──────── Material to process ────────

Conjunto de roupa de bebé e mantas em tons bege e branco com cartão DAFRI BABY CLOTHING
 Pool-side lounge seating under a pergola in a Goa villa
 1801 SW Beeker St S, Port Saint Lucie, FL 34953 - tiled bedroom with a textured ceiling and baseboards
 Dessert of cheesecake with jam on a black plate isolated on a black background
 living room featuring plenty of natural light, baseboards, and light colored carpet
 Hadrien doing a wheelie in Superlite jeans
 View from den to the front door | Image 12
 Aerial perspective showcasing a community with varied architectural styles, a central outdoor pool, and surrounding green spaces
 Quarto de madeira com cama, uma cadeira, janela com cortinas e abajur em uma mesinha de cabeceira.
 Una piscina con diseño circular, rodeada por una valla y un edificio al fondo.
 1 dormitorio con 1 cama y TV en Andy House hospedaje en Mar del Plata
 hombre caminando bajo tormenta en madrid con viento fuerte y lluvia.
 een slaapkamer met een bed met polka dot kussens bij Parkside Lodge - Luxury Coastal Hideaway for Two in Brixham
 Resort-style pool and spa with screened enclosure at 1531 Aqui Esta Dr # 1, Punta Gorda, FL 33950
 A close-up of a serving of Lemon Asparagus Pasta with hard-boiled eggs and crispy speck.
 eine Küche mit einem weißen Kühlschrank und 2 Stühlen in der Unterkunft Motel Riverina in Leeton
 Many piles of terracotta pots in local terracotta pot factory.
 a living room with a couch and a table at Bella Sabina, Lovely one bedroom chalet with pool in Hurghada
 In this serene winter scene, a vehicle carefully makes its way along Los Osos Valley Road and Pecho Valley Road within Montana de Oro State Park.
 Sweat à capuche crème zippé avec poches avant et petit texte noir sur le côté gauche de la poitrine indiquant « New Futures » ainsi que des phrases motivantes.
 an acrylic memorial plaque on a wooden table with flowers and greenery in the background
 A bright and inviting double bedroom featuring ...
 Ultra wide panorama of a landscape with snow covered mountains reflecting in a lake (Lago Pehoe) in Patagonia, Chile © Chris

────────

From the first line of the data through the line with "Hadrien doing a wheelie in Superlite jeans", quote each line exactly and add nothing else.

Conjunto de roupa de bebé e mantas em tons bege e branco com cartão DAFRI BABY CLOTHING
 Pool-side lounge seating under a pergola in a Goa villa
 1801 SW Beeker St S, Port Saint Lucie, FL 34953 - tiled bedroom with a textured ceiling and baseboards
 Dessert of cheesecake with jam on a black plate isolated on a black background
 living room featuring plenty of natural light, baseboards, and light colored carpet
 Hadrien doing a wheelie in Superlite jeans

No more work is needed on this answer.